Telling players to double down on two card combinations of 9,10 and 11 is nonsense unless you specify against which dealer's face card. The fact of the matter is in typical multiple deck games you should only double down on two card combinations of hard 9 if the dealer's upcard is 3,4,5,and 6. If the dealer has any other upcard you should not double down. Likewise, you should double down on two card hard combinations of 10 only if the dealer's upcard is 2 through 9 and double down on hard 11 only against dealer's upcard of 2 through 10. These are the only playing situations in which you should double down on 9, 10 and ace.
The casino newsletter advises not to hit on a possible bust hand (12 or higher) if the dealer's upcard is a 6 or less. This is true for all player hard hands except when the player holds a hard 12 and the dealer's face card is a 2 or 3. Although it's a close play, the percentage favors hitting 12 on dealer's 2 or 3 and standing on 12 against dealer's 4,5 or 6 face card.
The advice to move to another table and "not fight the cards" if you lose more than 5 hands in a row, isn't a bad idea from a psychological point of view. But doing so isn't going to change your long-term expectations. Player's often get stressed-out when they watch in disbelief as the dealer pulls yet another 20 and win. Most player's reaction when this happens is to press their bets because they figure they are "due to win" the next hand. Or they will blame someone else for their losses (usually the dealer or the inept player at third base).

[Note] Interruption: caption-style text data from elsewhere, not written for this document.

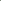 Salina Linen By Regalia Printed Vol 1 - 01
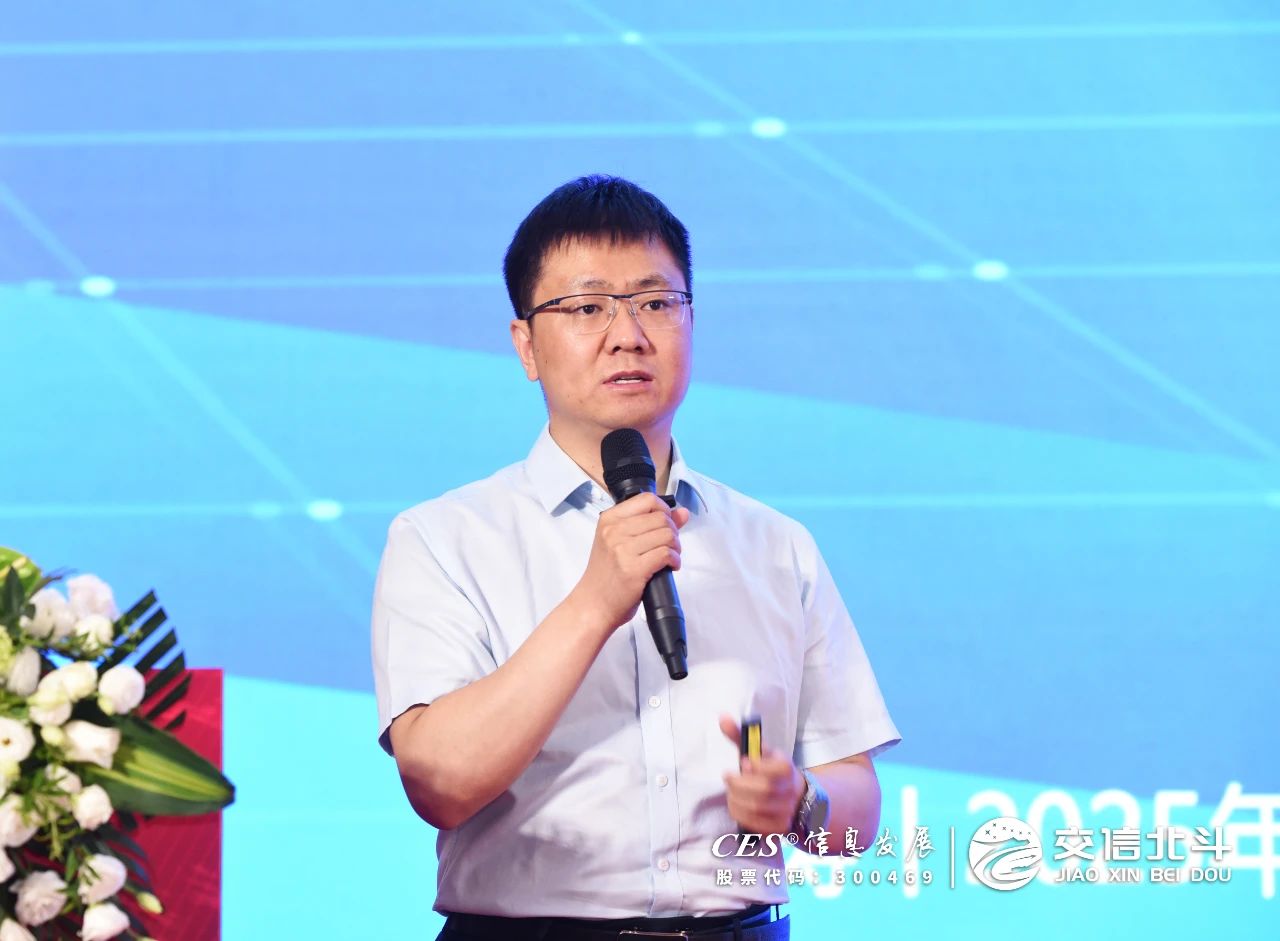 微信图片_20250623102914.jpg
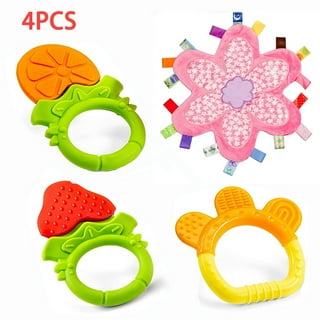 Breathable baby soft toys deals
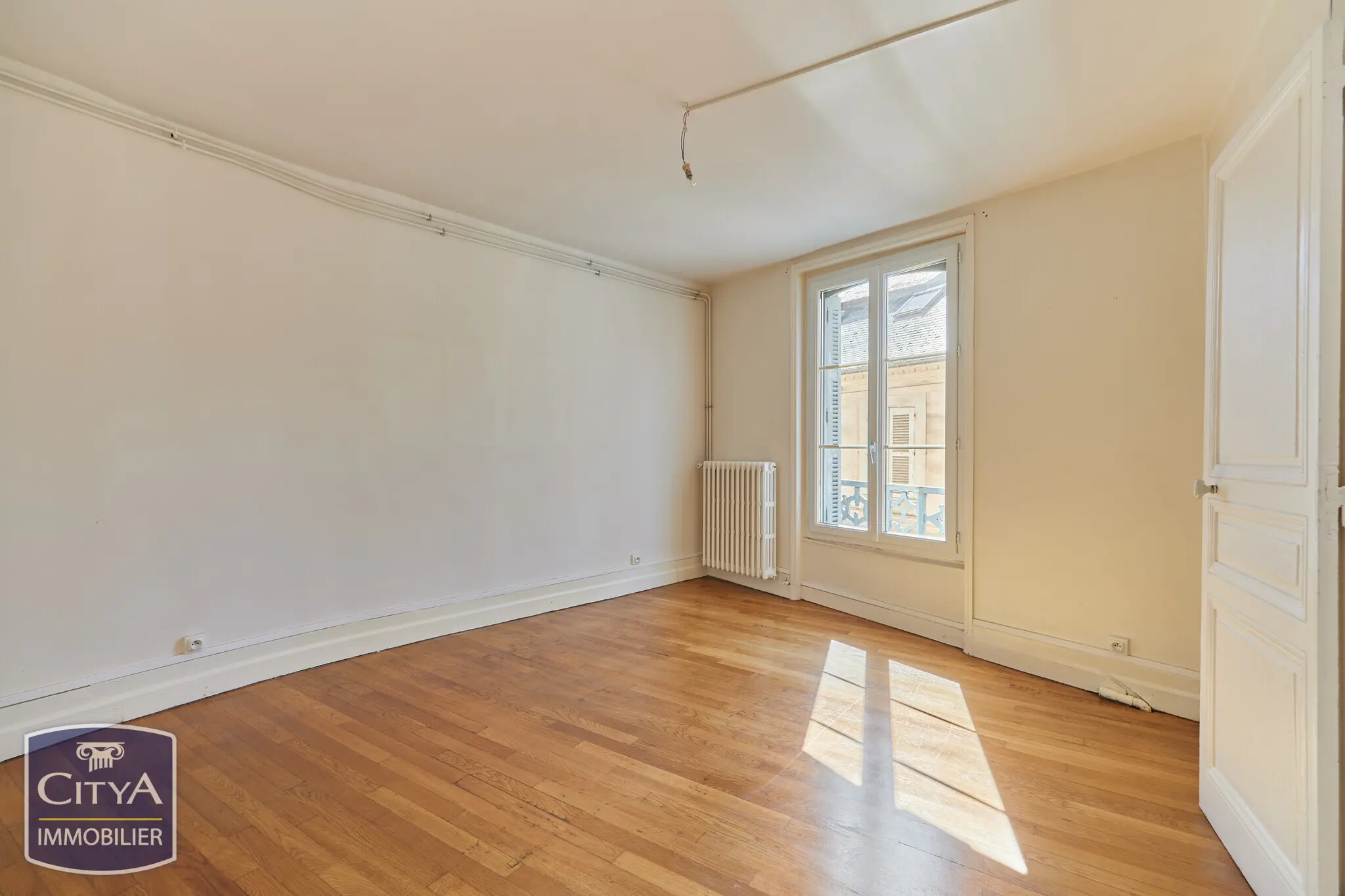 Photo 2 appartement Trouville-sur-Mer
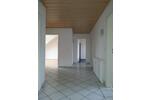 Mehrfamilienhaus, Wohnhaus Hallstadt - 9 Zimmer, 275 m&sup2;, 750.000&euro; | Angebot:27129784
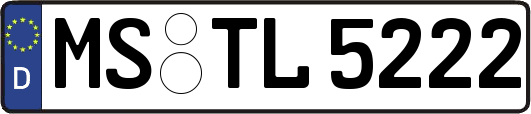 MS-TL5222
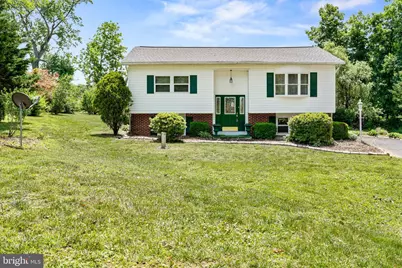 56 Woodlyn Road, Rising Sun, MD 21911 - Photo 1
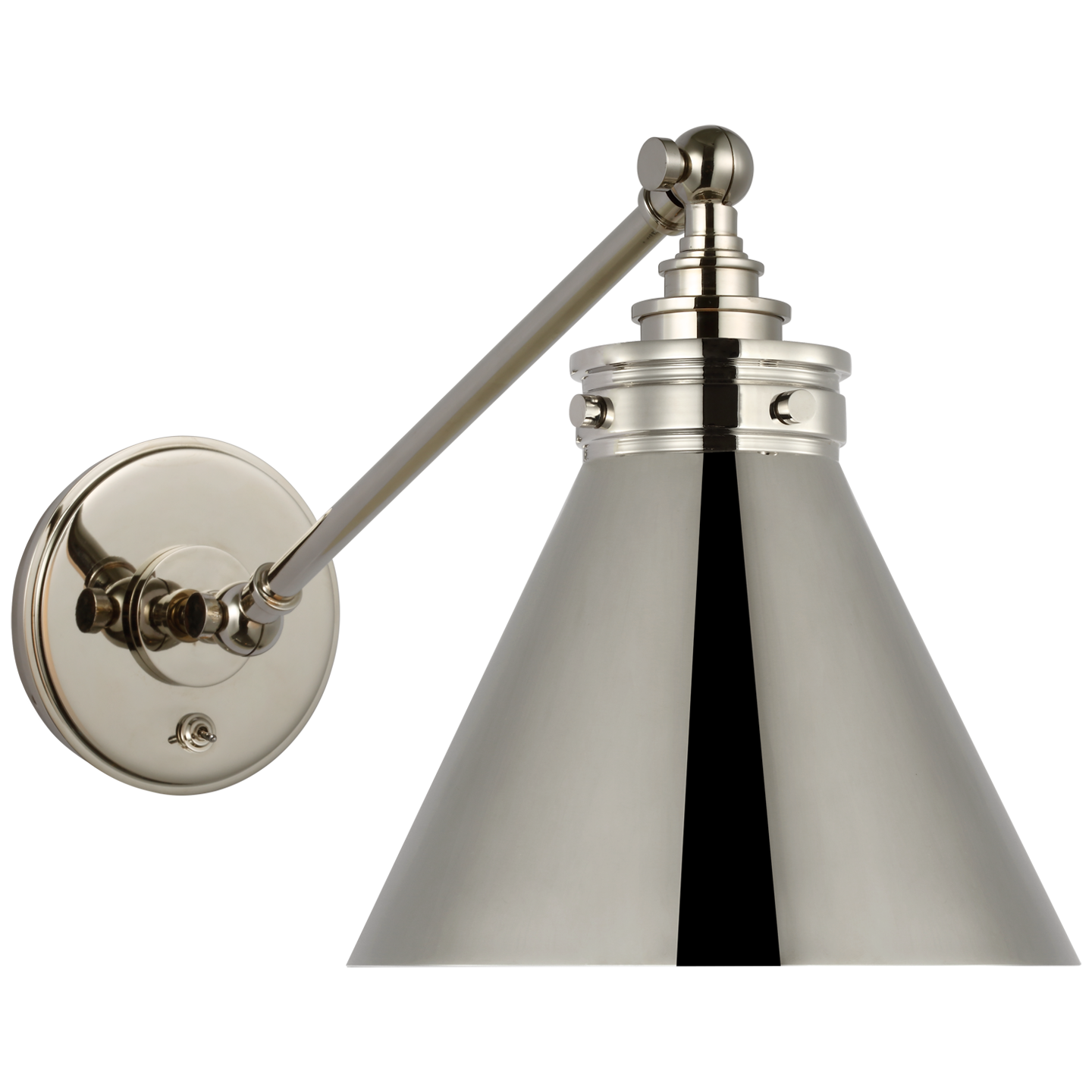 Shop lighting and discover furniture makeover services services in the Arlington Heights area. MegMade designs has been featured in New York Times for their lacquered cabin home design style. Visit the MegMade store in the South Port - Chicago area.
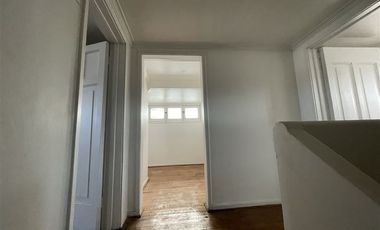Casa en Arriendo en Rancagua / Salvador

If you tend to get emotional or upset or feel you are "due to win" after you lose 5 or more hands, then getting off the table and playing somewhere else might not be bad advice. I say this because if you play blackjack long enough you should expect to lose 5 (or more) hands in a row on a regular basis. It's just part of the normal fluctuations that is inherent in this game. Mathematicians call this swing in our fortune variability. This means over the short run, you have as much chance to lose 5 in a row as you have winning 5 in a row. Smart players don't get overly emotional when they lose 5 hands in a row. They know it can happen and they are prepared by not over betting and having enough bankroll to sustain these short-term negative swings.
My own experience on a recent trip to Las Vegas confirmed that variability is alive and well in blackjack. I had a high count, which indicates I had a slight edge on the next hand so I increased my betting level by playing two hands at $25. I stood with a 20 and 19. The dealer showed a 5 and turned over a picture card. No she didn't draw the 6. Instead she teased us and drew an ace and then a 5 for a 21. The count still justified a large bet on the next 5 consecutive hands which I lost in much the same way (I had 18, she would have 19 and so on).
What should you do when you start losing? Don't increase your betting level because you believe you are due to win. Don't blame the basic playing strategy you've been using, or the dealer or your fellow players for your losses. Even if the third base player is a complete nerd, his "stupid" plays could just as well help you win a hand as it could result in you losing a hand. If you've lost about 30 to 50% of your session bankroll I'd take a break from the action. Whatever you do, don't get emotional because emotions interfere with sound blackjack play. If you find yourself getting emotional or stressed when you lose quickly, I suggest taking a break from the action. If you budget your bankroll correctly you should have enough money to try your skills and luck on another table once your head clears. If you lose again, so be it. It wasn't your day. Don't let your ego get in the way of calling it a night. Even the pros have their days and take their lumps. Just remember that over the short term anything can and usually will happen. Play for the long haul because with correct playing and betting strategies, you can win more than you lose.